TRURO - The owner of a local golf driving range is seeking exemption from a town land-use bylaw despite failing to remove temporary shipping containers from the site's flood plain.
Chris Clarke, owner of Marshland Golf Driving Range at 323 Marshland Dr., approached Truro town council on Monday, asking to be exempt from the bylaw so he could permanently keep the containers on the land.
"I'm surprised and upset this is an issue," said Clarke at the meeting.
The town has been telling Clarke to remove the containers since the fall of 2011 in accordance with the land-use bylaw and flood plain requirements.
The containers are used for the business's operations and were relocated from the site's flood plain to another area on site that had been raised using fill material from ditching spoils that were also obtained on the property.
They are only allowed to be on site from May to October, said Jason Fox, director of the town's planning department.
Clarke has three unpaid summary offence tickets for not removing the containers by Oct. 31 of last year and this year. Although they were temporarily moved in the spring, it was past the deadline.
Clarke also asked the town to remove the fines. He said after receiving input from a soil and water engineer, he was successful in applying for a town permit for the containers in August 2010.
"I was not informed before that that I had to remove the containers by Oct. 31 of each year. I've done everything necessary to comply with the requirements of the town's land-use bylaw. I have consistently sought advice from town officers and not intentionally broken any bylaws," said Clarke.
The town's solicitor, John Rafferty, advised council that it couldn't accommodate Clarke on Monday unless the bylaw was amended.
Truro Mayor Bill Mills said he was having a "very, very difficult time" with the issue.

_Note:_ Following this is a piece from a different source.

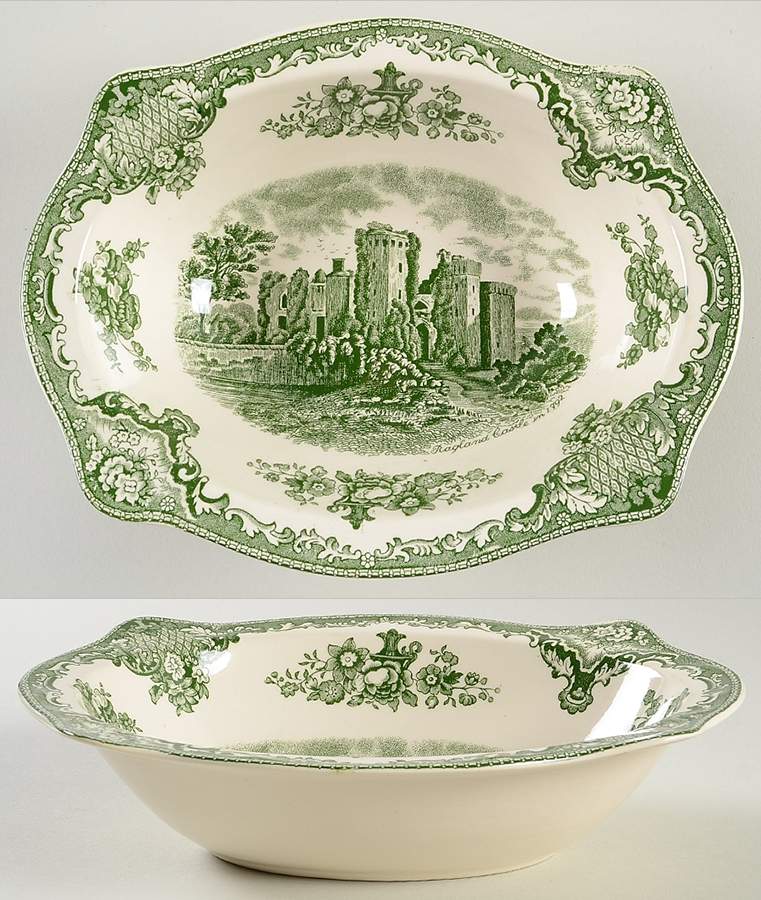 Old Britain Castles Green 8" Oval Vegetable Bowl by Johnson Brothers-1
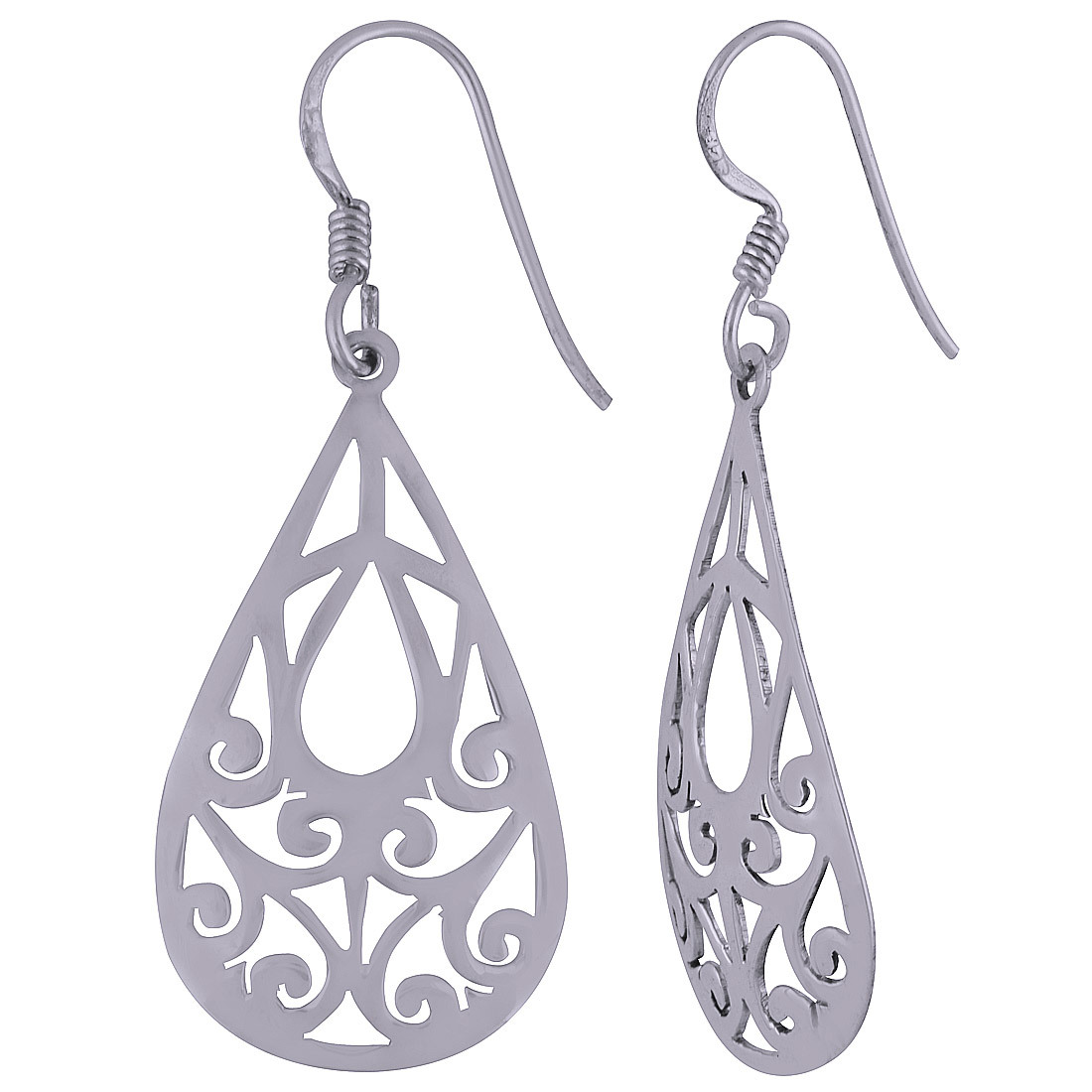 HANDCARFTED FLIGREE PLAIN 925 STERLING SOLID SILVER EARRINGS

"Seeking to build up a piece of land you knew was on a flood plain ... a bylaw is a bylaw," said Mills.
Terry Baillie, a resident who lives near the golf range, voiced his opposition to Clarke's request at the meeting.
"I'm protesting this because of flooding concerns. If you change a bylaw what are you saying to residents of Marshland?" Baillie asked.
Fox said if council approved the request, it could take upwards of six to 12 months to then be approved by the province as well.
"This issue has dragged on," said Fox, adding caution must be taken by council.
"If we allow it for one then we have to do it for others and it could allow development on flood plains," said Fox.
Council referred the issue to the planning department for a recommendation that will be reported to council in the near future.